The stream was created to facilitate the growth of Canada’s tech industry and aims to achieve a two-week processing standard once the potential employee submits the final application.

Intra-company transfers

Foreign citizens with H-1B visas are often employed by multinational companies, which means they may have branches in both the US and Canada.

Intra-company transfers (ICTs) occur when employees of multinational companies relocate to the company’s Canadian branch. The transferee is usually someone in a management position or has other specialized knowledge.

In addition, employees of US companies who wish to establish a presence in Canada can apply for a start-up work permit within the company. This type of permit allows employees to start the operations of a Canadian branch of a multinational company.

CUSMA

Mexicans who have already obtained an H-1B visa may be eligible to work in Canada through the Canada-United States-Mexico Agreement (CUSMA). Candidates must be qualified to work in their occupation and may only work in Canada in the position for which they were hired.

Using your experience for permanent residence

Express Entry

Work experience gained through any of these work permits can be used toward an application for permanent residence through Express Entry.

Express Entry is an application management system that Immigration Refugees and Citizenship Canada (IRCC) uses to administer the Federal Skilled Worker Program, the Federal Skilled Trades Program and the Canadian Experience Class.

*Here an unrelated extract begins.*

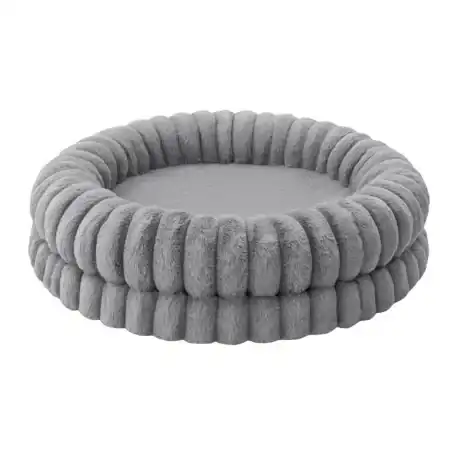 Freedog Muffin Cama Cuna Para Perros y Gatos Gris, 76 x 76 x 18 cm - Freedog - Comparador de precios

Once a candidate self-assesses whether they are eligible for an Express Entry program, they can create a profile on the IRCC website. IRCC will then assign a Comprehensive Ranking System (CRS) score that is based on work experience, education, language skills, and other human capital factors. The higher a candidate’s score is, the more likely she is to receive an Invitation to Apply (ITA) for permanent residence.

Once a candidate receives an ITA, they have 60 days to submit their final application. IRCC has a six-month processing standard for all new applications.

Provincial Nominee Programs

It is also possible to become a permanent resident through the many streams in the Provincial Nominee Program (PNP).

All Canadian provinces except Quebec and Nunavut have PNPs that work with IRCC. Under these programs, provincial governments select candidates they believe will be a good fit for the province. Several Canadian provinces have immigration streams that are designed to attract talent for in-demand occupations such as technology and healthcare.